IN THE TAX COURT OF SOUTH AFRICA

(HELD AT THE WESTERN CAPE DIVISION: CAPE TOWN)


Case No: IT 24502


U TAXPAYER Applicant

and


THE COMMISSIONER FOR THE SOUTH AFRICAN

REVENUE SERVICE Respondent

Court: Justice J I Cloete

Heard: 11 May 2023

Delivered electronically: 2 June 2023



JUDGMENT



CLOETE J:


[1] This is an opposed interlocutory application in terms of rule 51(2) of the tax court rules1 for ‘a legality review in limine as part of’ the appellant’s pending tax appeal. In this judgment unless otherwise indicated reference to a “rule” is to a tax court rule.


[2] The ‘principal purpose’ of the application is to seek the separate, advance determination of three “legal issues”. If the court grants the principal relief, the ‘secondary purpose’ is twofold and ‘to the extent necessary’: (a) for leave to amend the applicant’s rule 32 statement “consequentially”; and (b) permitting the applicant to raise a ‘collateral, defensive or reactive’ challenge to the lawfulness of the additional assessments referred to below.

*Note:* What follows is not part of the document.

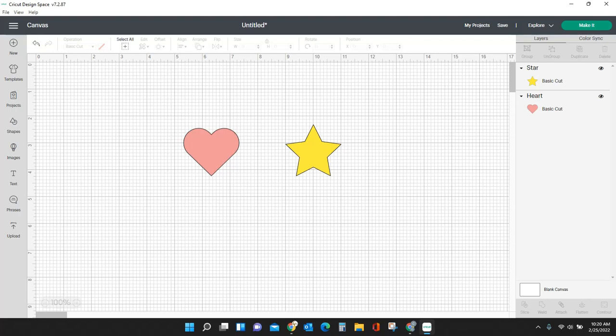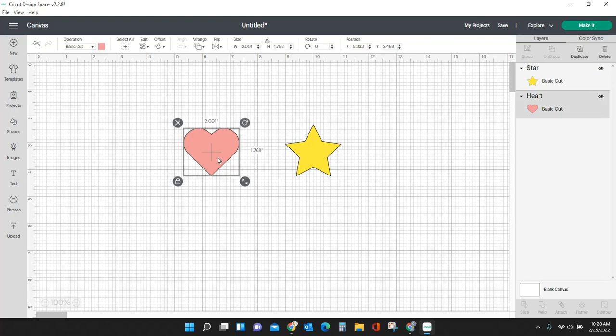Hey guys, Crystal here at Crystal's Crafties. Today I just wanted to share with you a really quick video about an update that Cricut has done with some shortcuts. These shortcuts are really common in other design software, and now Cricut has incorporated them too. The first one I want to show you is duplicate. So I have this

According to the applicant the three legal issues are potentially dispositive of the pending appeal, and if any one of them is determined in his favour there will be no need for the appeal to proceed for the hearing of evidence.


[3] The dispute between the parties has its origin in a tax-driven scheme to create a pool of reserves giving rise to STC2 “credits” that could offset the anticipated STC liabilities arising on future dividend declarations by third party South African companies that acquired them. According to the respondent (“SARS”) this occurred in order to convert taxable income of those South African companies into tax-exempt dividend income.


[4] In the appeal SARS contends that the applicant and another individual, P, were the promotors of the scheme through amongst others two South African private companies, T and – in the case of P – J. SARS asserts that the applicant and P directly and indirectly earned substantial fees for their efforts. In the case of the applicant this amounted to just over R44 million (P has since fallen out of the picture after arriving at a settlement with SARS).


[5] However, SARS maintains, these “fees” were not paid to the applicant (and P) as taxable income – as they should have been – but as repayments of loan claims received in the form of tax-free dividends flowing to the applicant and a certain trust which was not only the shareholder of J but to which P was connected. It is in respect of these “fees” that SARS assessed the applicant and P for tax, relying on the powers of the Commissioner under the general anti-avoidance rules (“GAAR”) contained in Part IIA of the ITA.3


[6] In the SARS rule 31 statement the following allegations are made which are directly relevant to determination of this interlocutory application:


Creation of an STC credit pool

10. What is set out below is a summary of the purchase and sale transactions which, to the best of the Commissioner’s knowledge, were undertaken by T from time to time for the purpose of creating a stock of secondary tax on companies (“STC”) credits. T formed an integral part of the arrangements designed by the appellant to carry out the impermissible tax avoidance schemes that resulted in the assessments appealed against.


11. T’s purchase and sale transactions involved two separate [offshore] companies, namely E and R, about which more is said below.


The E transactions

The R transactions

The effect and use of the STC credit pool

The fee portion and rights of U

53. As stated previously, the Commissioner contends that all of the transactions, their constituent parts and the cash flows described above constitute an impermissible avoidance arrangement for the purposes of Part IIA of the IT Act.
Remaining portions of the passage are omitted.